平林岳 『パ・リーグ審判、メジャーに挑戦す』

日本人初のアメリプロ野球の審判になって、そこから一度パリーグの審判を経てからもう一度アメリカに行って、大リーグでの審判を目指している、っていう人の本。ちなみにブログはhttp://old-rookie.seesaa.net/。突然パスクチとか出てきて面白い。
文章が本業って人でもないので、書いてあることってのは自分が体験したエピソードが中心で、特に後半半分は自身の日記になってて、論理的に何かを主張しようっていう本ではない。けど、ただでさえ野球の審判員って何考えてるかわからん人達なのに、さらにそれを日本とアメリカの二つの環境で実際にやってそれを比較する、ってのはほんとに独自の目線で、だからこそそのエピソード中心という構成がとても面白い。よくそんなしょっちゅう色んなことがあるわいなと。
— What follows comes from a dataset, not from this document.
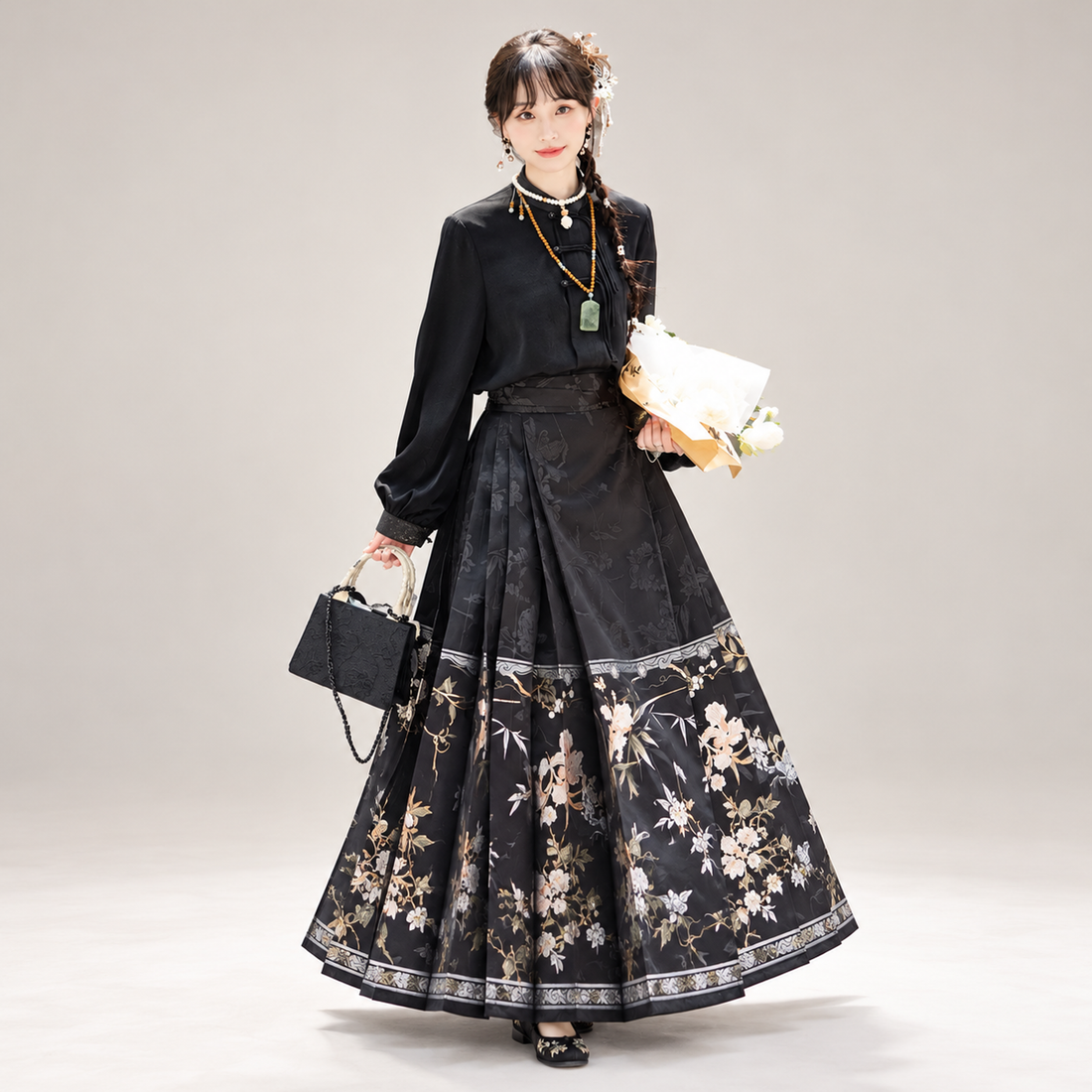 墨白 Ink White Jacquard Asymmetrical Stand-Collar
んで、そのエピソードってのは、アメリカ独自の野球の考え方と、審判員の生活の、主に2つが入り混じってるんだけど、んー、多分ある程度プロ野球を観てる人でないと面白くないだろうなあと思う。野球を知ってる人には結構面白いこと満載だけどね。WBCボブ・デービッドソンの人柄の話とか全然知らないじゃん。英語版のwikipediaでもその「誤審」の話でしかあんまり載ってないし。そういった生きたアメリカ野球の話を聞くと、ロッテファンの自分なんかは、ボビーがやっていることなんかにも繋げて考えることが出来たり。
ご本人は大リーグへの夢が諦められなかった、といっているけれど、やっぱり文章を読んでいると端々に、日本のプロ野球の構造的問題点が挙げられていて、日本の野球に嫌気がさした面があったのかなとも思う。この辺り、日本の野球も病巣が深そう。ビデオ判定の導入云々もよく言われるけど、それって結果的に審判の権威を下げることにつながって一層カオスるんだなあ等等。そういった問題での審判側からの意見ってのは結構興味深い。もう少し詳しく日本の審判員についての話も聞いてみたかった感じはするけどね。最近の技術低下と言われている問題とか。